===== Data under study =====

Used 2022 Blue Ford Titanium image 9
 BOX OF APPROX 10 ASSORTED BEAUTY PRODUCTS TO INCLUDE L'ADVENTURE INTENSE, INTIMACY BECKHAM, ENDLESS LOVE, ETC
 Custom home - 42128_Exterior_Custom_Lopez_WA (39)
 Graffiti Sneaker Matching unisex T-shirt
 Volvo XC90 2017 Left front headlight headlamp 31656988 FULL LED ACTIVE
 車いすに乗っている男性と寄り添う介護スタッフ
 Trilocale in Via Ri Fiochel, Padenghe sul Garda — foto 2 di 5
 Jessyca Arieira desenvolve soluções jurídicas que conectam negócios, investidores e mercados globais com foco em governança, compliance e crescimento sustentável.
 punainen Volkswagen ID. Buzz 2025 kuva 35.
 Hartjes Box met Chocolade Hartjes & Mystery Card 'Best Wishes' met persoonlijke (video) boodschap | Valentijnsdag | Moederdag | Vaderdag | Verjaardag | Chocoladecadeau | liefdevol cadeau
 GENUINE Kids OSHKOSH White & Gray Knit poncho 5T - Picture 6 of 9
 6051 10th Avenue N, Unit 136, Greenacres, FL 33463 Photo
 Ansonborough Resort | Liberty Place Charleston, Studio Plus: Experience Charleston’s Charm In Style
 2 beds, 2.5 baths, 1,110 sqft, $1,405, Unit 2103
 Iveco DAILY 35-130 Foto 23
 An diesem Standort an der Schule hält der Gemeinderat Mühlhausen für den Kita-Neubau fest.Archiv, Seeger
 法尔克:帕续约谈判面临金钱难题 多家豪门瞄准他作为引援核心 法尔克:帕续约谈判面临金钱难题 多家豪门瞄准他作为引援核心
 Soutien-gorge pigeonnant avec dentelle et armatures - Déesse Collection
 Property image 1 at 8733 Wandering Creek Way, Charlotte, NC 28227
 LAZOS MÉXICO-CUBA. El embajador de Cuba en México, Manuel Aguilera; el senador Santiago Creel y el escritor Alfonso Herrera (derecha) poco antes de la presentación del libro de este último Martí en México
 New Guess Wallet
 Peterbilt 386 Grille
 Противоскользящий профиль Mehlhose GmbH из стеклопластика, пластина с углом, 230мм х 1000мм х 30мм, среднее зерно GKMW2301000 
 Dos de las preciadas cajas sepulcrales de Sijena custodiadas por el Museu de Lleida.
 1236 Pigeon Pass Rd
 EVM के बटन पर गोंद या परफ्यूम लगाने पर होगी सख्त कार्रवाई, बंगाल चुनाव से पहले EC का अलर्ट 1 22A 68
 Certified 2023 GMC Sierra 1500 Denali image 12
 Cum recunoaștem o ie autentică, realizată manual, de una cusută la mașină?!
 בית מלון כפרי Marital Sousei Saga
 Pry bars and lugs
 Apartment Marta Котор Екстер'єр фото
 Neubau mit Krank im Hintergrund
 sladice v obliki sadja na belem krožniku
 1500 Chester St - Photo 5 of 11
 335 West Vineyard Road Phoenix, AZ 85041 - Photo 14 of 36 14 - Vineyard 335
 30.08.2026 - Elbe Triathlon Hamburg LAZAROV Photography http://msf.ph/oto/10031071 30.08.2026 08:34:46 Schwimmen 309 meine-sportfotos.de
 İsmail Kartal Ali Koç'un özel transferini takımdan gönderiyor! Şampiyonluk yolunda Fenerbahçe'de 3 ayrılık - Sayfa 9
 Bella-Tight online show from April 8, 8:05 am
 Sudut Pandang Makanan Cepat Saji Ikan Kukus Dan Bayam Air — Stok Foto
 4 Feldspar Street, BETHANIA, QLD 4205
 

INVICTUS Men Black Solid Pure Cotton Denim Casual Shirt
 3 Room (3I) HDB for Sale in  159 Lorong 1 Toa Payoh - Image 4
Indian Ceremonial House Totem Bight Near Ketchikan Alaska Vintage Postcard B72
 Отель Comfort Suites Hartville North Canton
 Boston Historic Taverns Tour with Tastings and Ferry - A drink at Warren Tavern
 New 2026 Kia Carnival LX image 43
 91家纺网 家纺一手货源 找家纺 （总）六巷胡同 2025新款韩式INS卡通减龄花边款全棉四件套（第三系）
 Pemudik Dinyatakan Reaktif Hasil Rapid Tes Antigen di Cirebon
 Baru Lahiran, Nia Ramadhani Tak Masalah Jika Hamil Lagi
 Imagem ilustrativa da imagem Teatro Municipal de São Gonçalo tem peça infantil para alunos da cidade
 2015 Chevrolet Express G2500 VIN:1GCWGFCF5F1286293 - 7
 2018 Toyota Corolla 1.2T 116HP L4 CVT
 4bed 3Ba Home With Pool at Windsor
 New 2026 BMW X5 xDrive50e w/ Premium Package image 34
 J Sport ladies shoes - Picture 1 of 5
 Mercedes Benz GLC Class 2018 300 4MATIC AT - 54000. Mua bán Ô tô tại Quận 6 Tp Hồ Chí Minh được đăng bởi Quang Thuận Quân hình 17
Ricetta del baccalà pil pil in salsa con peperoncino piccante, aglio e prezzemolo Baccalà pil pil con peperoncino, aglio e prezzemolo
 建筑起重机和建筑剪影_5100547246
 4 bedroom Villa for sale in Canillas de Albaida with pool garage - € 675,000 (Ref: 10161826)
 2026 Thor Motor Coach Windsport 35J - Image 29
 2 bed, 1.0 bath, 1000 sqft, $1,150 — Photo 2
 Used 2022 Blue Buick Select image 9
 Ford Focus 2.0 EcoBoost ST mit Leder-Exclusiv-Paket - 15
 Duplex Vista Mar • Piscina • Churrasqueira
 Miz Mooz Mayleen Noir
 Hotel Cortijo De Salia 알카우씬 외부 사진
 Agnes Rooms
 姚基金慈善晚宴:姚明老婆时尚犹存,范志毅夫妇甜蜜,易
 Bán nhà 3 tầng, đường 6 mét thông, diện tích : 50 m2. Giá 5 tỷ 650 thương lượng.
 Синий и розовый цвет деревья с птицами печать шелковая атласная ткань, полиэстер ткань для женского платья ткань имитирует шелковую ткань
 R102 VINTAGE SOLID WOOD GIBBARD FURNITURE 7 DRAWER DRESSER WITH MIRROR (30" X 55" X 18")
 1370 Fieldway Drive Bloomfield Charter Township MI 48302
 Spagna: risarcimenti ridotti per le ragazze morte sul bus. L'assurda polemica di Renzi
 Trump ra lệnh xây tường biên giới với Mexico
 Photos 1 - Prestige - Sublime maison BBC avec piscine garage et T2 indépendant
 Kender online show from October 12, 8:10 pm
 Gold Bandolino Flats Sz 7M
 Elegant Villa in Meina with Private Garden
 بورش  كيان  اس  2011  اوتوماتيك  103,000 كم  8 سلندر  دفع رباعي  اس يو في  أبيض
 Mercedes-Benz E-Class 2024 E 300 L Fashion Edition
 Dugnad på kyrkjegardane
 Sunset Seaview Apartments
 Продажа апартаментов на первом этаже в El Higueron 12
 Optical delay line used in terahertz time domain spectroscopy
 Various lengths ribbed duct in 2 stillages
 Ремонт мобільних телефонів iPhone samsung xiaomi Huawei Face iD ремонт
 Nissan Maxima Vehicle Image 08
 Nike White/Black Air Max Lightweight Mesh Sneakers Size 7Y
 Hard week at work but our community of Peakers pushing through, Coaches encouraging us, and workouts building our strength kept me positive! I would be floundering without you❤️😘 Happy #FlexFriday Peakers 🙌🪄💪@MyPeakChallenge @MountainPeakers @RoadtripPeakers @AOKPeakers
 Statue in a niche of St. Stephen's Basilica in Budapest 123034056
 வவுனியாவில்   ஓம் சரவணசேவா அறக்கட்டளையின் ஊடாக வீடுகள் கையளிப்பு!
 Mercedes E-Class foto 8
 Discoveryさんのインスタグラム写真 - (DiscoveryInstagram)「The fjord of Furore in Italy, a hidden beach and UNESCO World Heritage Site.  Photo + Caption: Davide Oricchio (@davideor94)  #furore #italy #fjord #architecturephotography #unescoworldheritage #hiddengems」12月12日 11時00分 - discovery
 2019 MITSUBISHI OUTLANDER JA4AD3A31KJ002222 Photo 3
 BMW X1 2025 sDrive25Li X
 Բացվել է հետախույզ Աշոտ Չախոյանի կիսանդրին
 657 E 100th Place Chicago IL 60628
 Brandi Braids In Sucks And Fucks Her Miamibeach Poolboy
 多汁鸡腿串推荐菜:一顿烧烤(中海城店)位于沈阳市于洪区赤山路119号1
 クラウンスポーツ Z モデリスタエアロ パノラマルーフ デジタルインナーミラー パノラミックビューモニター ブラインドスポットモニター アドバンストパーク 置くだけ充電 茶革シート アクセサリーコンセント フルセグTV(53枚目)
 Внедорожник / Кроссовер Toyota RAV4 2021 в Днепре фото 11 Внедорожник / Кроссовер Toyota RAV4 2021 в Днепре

=====

Filter the records down to the lines that contain the string "from", and copy those lines.

* _Response to this exercise_
 Bella-Tight online show from April 8, 8:05 am
 Kender online show from October 12, 8:10 pm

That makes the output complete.